Another way to get around the restriction is to use internal iteration: Playground.

Finally, you can create a `iter()` version instead, which would allow overlapping references to the vec, and use Interior Mutability to mutate the elements of the tree (this should match other programming languages style, specially with integer types and `Cell` for the interior mutability):

``````fn main ()
{
use ::std::cell::Cell;

let mut b = BinaryTreeArray::new(Cell::new(1));

for d in b.iter() {
d.data.set(2);
}
}

pub struct BinaryTreeNode<T> {
pub data: T,
l: usize,
r: usize,
}

impl<T> BinaryTreeNode<T> {
pub fn new(data: T) -> Self {
Self { data, l: 0, r: 0 }
}

#[inline]
pub fn is_leaf(&self) -> bool {
self.l == 0 && self.r == 0
}
}

pub struct BinaryTreeArray<T> {
nodes: Vec<BinaryTreeNode<T>>,
}

impl<T> BinaryTreeArray<T> {
pub fn new(data: T) -> Self {
Self {
nodes: vec![BinaryTreeNode::new(data)],
}
}

#[inline]
pub fn get(&self, index: usize) -> Option<&BinaryTreeNode<T>> {
self.nodes.get(index)
}

#[inline]
pub fn get_mut(&mut self, index: usize) -> Option<&mut BinaryTreeNode<T>> {
self.nodes.get_mut(index)
}

pub fn iter (&'_ self) -> BinaryTreeIterator<'_, T>
{
BinaryTreeIteratorMut::new(self)
}
}

pub struct BinaryTreeIterator<'a, T> {
tree: &'a BinaryTreeArray<T>,
nodes: Vec<usize>,
}

impl<'a, T> BinaryTreeIterator<'a, T> {
pub fn new(tree: &'a BinaryTreeArray<T>) -> Self {
Self {
tree,
nodes: vec![0],
}
}
}

impl<'a, T> Iterator for BinaryTreeIteratorMut<'a, T> {
type Item = &'a BinaryTreeNode<T>;

fn next (&mut self) -> Option<&'a BinaryTreeNode<T>> {
let Some(index) = self.nodes.pop();
let some_node: Option<&'a BinaryTreeNode<T>> = self.tree.get(index);
if let Some(node) = some_node {
if node.r != 0 {
self.nodes.push(node.r);
}
if node.l != 0 {
self.nodes.push(node.l);
}
return Some(node);
}
None
}
}
``````
1 Like

Thank you for the answer, yes that could probably fix my problem but I would like to avoid Cell and RefCell just for learning purpose.

Maybe I found a solution, I’m not sure about the correctness, for now seems to work as expected.

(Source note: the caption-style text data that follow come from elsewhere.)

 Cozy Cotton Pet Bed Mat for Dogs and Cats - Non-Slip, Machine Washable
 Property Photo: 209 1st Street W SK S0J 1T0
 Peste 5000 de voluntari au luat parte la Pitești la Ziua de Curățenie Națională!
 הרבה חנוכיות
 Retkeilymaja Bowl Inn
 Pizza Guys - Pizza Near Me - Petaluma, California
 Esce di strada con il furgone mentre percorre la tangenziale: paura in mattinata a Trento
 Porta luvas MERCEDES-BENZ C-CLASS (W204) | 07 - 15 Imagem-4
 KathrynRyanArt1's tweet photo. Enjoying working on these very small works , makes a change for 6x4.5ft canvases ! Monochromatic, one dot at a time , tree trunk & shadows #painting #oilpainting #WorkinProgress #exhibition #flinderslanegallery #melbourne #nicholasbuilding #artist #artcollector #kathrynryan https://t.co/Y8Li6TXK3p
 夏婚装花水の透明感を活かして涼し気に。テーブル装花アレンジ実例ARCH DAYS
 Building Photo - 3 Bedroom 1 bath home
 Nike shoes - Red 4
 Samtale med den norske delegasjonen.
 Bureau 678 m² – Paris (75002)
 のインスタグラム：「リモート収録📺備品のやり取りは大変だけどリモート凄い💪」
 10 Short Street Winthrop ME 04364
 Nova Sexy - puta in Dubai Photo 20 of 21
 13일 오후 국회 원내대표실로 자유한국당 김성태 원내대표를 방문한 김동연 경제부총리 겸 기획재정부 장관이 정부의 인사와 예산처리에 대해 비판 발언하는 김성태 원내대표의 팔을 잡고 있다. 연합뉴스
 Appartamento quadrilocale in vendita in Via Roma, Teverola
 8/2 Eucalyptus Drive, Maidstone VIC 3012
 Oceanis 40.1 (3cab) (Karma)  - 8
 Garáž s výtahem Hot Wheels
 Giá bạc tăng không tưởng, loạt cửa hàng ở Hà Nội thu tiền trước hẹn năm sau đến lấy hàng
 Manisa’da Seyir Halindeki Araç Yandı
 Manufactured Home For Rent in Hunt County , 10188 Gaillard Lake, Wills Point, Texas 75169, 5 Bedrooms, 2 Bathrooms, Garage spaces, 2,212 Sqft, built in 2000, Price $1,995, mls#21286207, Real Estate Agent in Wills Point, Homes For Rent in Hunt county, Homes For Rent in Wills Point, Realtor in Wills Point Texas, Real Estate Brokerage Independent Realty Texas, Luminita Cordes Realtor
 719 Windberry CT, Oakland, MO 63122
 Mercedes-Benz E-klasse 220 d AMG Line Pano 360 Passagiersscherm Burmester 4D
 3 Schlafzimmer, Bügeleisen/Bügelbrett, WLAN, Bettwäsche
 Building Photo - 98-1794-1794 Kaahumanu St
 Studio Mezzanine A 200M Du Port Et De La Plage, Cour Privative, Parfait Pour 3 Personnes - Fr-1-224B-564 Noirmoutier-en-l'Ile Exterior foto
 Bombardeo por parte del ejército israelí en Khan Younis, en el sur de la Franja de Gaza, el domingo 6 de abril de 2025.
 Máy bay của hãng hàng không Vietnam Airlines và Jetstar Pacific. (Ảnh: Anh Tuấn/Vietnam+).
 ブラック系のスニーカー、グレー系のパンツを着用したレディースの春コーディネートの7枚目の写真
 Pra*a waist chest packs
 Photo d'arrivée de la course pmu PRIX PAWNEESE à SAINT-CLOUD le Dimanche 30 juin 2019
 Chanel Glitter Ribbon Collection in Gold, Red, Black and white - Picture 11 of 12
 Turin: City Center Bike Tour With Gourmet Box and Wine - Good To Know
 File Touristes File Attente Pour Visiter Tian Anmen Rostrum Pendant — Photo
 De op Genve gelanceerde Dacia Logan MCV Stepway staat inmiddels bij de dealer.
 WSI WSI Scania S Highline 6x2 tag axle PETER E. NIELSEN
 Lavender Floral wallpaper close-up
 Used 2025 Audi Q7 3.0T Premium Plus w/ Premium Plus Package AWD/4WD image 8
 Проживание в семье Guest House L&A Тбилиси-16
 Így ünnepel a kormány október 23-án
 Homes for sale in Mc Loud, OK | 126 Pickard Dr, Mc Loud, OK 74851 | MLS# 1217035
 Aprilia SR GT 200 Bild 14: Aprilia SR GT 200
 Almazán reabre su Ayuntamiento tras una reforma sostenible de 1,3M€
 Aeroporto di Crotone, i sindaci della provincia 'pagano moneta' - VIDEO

``````impl<T> BinaryTreeArray<T> {
pub fn iter_mut(&mut self) -> IterMut<T> {
let ptr = self.nodes.as_mut_ptr();
let end = unsafe { ptr.add(self.nodes.len()) };
debug_assert!(!end.is_null());

IterMut {
ptr,
end,
_marker: marker::PhantomData,
}
}
}
pub struct IterMut<'a, T> {
ptr: *mut BinaryTreeNode<T>,
end: *mut BinaryTreeNode<T>,
_marker: marker::PhantomData<&'a BinaryTreeNode<T>>,
}

impl<'a, T> Iterator for IterMut<'a, T> {
type Item = &'a mut BinaryTreeNode<T>;

fn next(&mut self) -> Option<&'a mut BinaryTreeNode<T>> {
unsafe {
if self.ptr == self.end {
None
} else {
let val = self.ptr.as_mut();
self.ptr = self.ptr.offset(1);
val
}
}
}
}
``````

Thank you guys for the help

Doesn’t this just iterate the vector in index order, rather than walking the tree? If you only want to iterate the vector, you don’t need to write your own iterator at all – you can simply use `self.nodes.iter_mut()`.

2 Likes

Yes I need now to implement the logic to put the index that is inside the tree node instead of the simple +1 index.